Ruin from California released one demo back in 1991 before disbanding. This compilation contains recordings of those tracks as well as new music released by the band on various splits since reforming in 2015. The style here is death/doom but don’t let that by-now prosaic description chase you away: the two components are perfect counterparts on these songs, the death metal grinding in irreverent Impetigo fashion while the doom straddles the chest with claws around the throat. This is truly punishing extreme metal, at home in the rumbling low end, with each motion carrying the bite and spite of the flagellant’s whip.

There is a refreshing unambiguity about these songs. Chord changes traverse discrete intervals across the spectrum yet retain consistency of dark, dissonant tone throughout. Never shy of breaking into an impromptu skank beat when the muse calls, Ruin hearken back to the the early 90s when bands like Impetigo, Hideous Mangleus, Phantasm, and Hemdale bled the edges between death metal and punk to present a specifically gruesome vision. Liberal use of audio clips from macabre horror and 911 telephone calls might make the overly serious listener dismiss the band as parody, but to the vast majority of the underground that came of age with horror cinema and metal as constant companions, these flourishes are joyous relics of a time our music has unfortunately forgotten about and genuinely add to the depraved atmosphere Ruin strive for.

It never ceases to amuse me when newer, politically “woke” listeners try to drag extreme metal into the realm of social conscience by equating it with ethical notions like justice. Singing pro-this and anti-that lyrics over randomly distorted music that only tenuously borrows tropes from death metal and black metal does not make it so.

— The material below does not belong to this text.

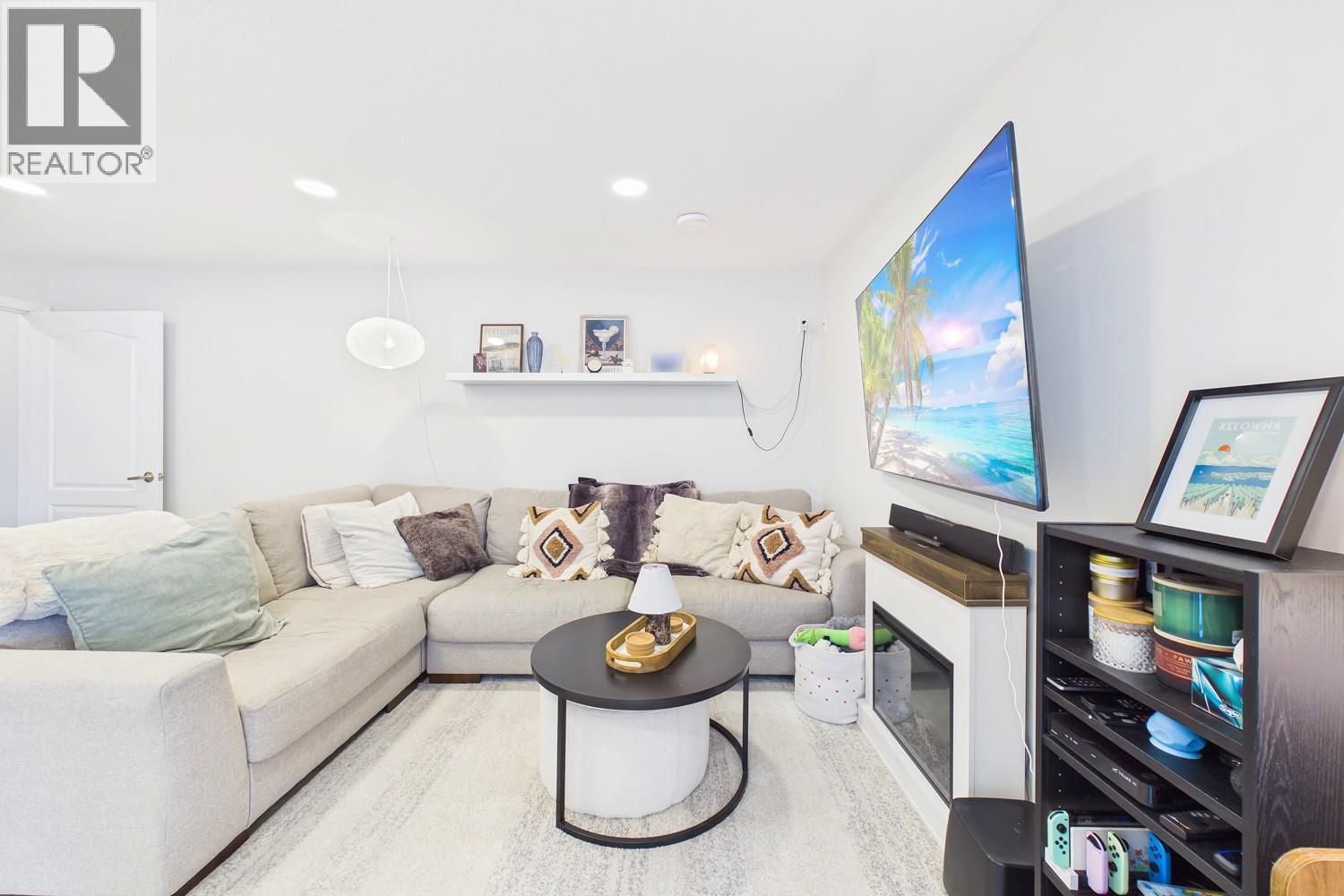  3439 Ridge Boulevard, West Kelowna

Through all the years of listening to this music, I can honestly say that not once have I associated extreme metal with issues of social import. I have been empowered by it, certainly, but at no time has it made me feel like extending that empowerment to others or taking up cudgels on behalf of those that are “oppressed”. I have considered it an intensely private and individualistic music, advanced by an unremittingly bleak view of mass humanity that is almost Darwinist in tone. The virtues I have detected and interpreted in it have been founded on contempt for others’ existential turpitude. One might say that I am merely feeding my own personal misanthropy into the music and drawing false inferences, but I turn that observation around at the musicians in Ruin and the many other true death metal and black metal bands of history, and ask: is that not really so?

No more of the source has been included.